A simple and efficient Python implementation of Mapper algorithm for Topological Data Analysis
-
Installation:
pip install tda-mapper
-
Documentation: https://tda-mapper.readthedocs.io/en/main/
-
Demo App: https://tda-mapper-app.streamlit.app/
The Mapper algorithm is a well-known technique in the field of topological data analysis that allows data to be represented as a graph. Mapper is used in various fields such as machine learning, data mining, and social sciences, due to its ability to preserve topological features of the underlying space, providing a visual representation that facilitates exploration and interpretation. For an in-depth coverage of Mapper you can read the original paper.
This library contains an implementation of Mapper, where the construction of open covers is based on vp-trees for improved performance and scalability. The details about this methodology are contained in our preprint.
Step 1 | Step 2 | Step 3 | Step 4 |
---|---|---|---|
Chose lens | Cover image | Run clustering | Build graph |
Here you can find an example to use to kickstart your analysis. In this toy-example we use a two-dimensional dataset of two concentric circles.

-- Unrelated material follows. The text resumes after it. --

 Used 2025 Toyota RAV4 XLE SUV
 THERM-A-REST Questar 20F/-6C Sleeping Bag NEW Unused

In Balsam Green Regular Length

The Mapper graph is a topological summary of the whole point cloud.
import numpy as np
from sklearn.datasets import make_circles
from sklearn.decomposition import PCA
from sklearn.cluster import DBSCAN
from tdamapper.core import MapperAlgorithm
from tdamapper.cover import CubicalCover
from tdamapper.plot import MapperLayoutInteractive
X, y = make_circles( # load a labelled dataset
n_samples=5000,
noise=0.05,
factor=0.3,
random_state=42)
lens = PCA(2).fit_transform(X)
mapper_algo = MapperAlgorithm(
cover=CubicalCover(
n_intervals=10,
overlap_frac=0.3),
clustering=DBSCAN())
mapper_graph = mapper_algo.fit_transform(X, lens)
mapper_plot = MapperLayoutInteractive(
mapper_graph,
colors=y, # color according to categorical values
cmap='jet', # Jet colormap, for classes
agg=np.nanmean, # aggregate on nodes according to mean
dim=2,
iterations=60,
seed=42,
width=600,
height=600)
fig_mean = mapper_plot.plot()
fig_mean.show(config={'scrollZoom': True})

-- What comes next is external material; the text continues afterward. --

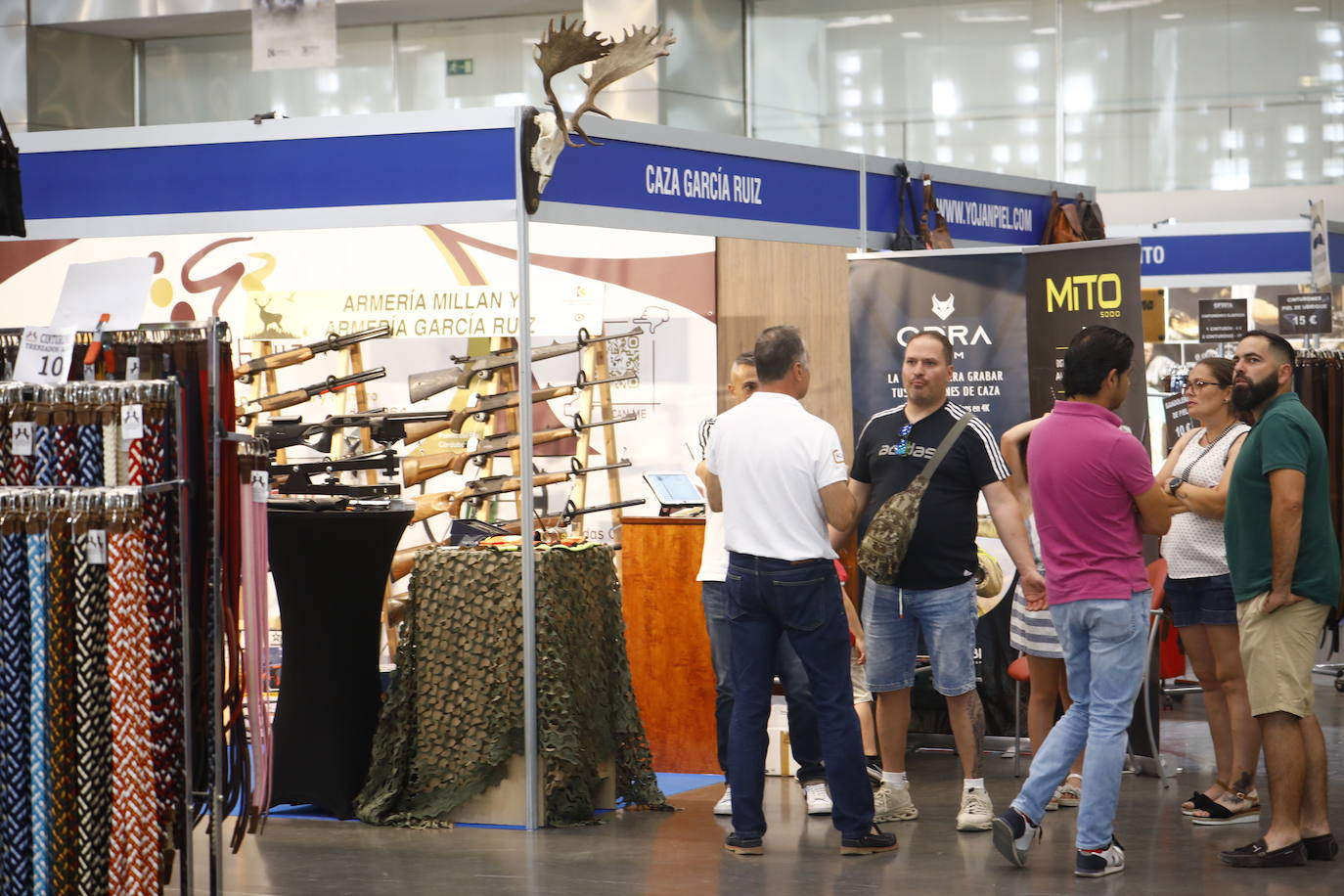 Fotos: el animado ambiente en Intercaza en Córdoba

mapper_plot.update( # reuse the plot with the same positions
colors=y,
cmap='viridis', # viridis colormap, for ranges
agg=np.nanstd, # aggregate on nodes according to std
)
fig_std = mapper_plot.plot()
fig_std.show(config={'scrollZoom': True})
Dataset | Mapper graph (average) | Mapper graph (deviation) |
---|---|---|
More examples can be found in the documentation.

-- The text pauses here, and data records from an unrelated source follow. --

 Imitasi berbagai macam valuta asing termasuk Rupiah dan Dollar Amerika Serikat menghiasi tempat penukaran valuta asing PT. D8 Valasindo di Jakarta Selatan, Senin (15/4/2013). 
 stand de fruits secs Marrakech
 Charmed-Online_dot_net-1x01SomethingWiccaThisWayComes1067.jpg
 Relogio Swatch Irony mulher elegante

You can also run a demo app locally by running
pip install -r app/requirements.txt
streamlit run app/streamlit_app.py
If you want to use tda-mapper in your work or research, you can cite the archive uploaded on Zenodo, pointing to the specific version of the software used in your work.
If you want to cite the methodology on which tda-mapper is based, you can use the preprint.